Provided information –
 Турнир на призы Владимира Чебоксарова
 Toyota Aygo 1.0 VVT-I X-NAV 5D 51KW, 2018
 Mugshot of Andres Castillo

* * *

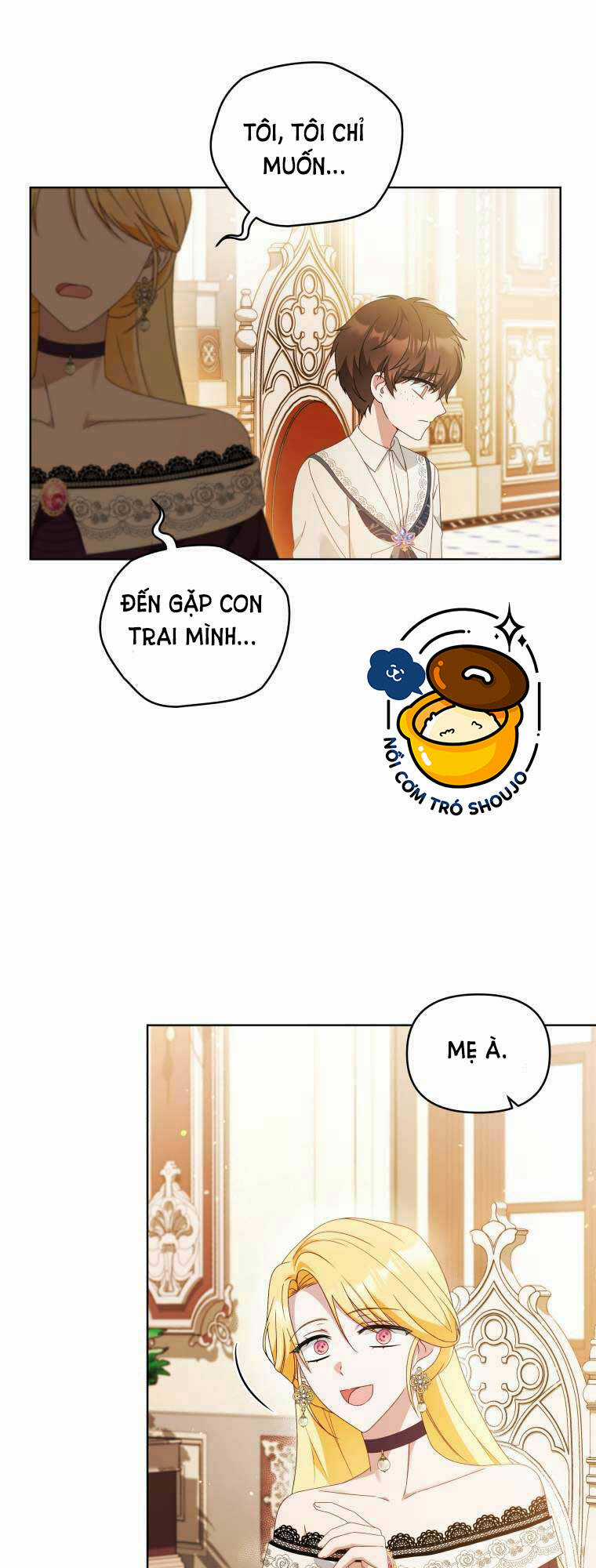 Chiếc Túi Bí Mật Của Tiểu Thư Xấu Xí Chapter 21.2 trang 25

Task directions – Using the records above, set down exactly the lines from the one with "Турнир на призы Владимира Чебоксарова" through the one with "Mugshot of Andres Castillo", inclusive, and nothing more.

Result below –
 Турнир на призы Владимира Чебоксарова
 Toyota Aygo 1.0 VVT-I X-NAV 5D 51KW, 2018
 Mugshot of Andres Castillo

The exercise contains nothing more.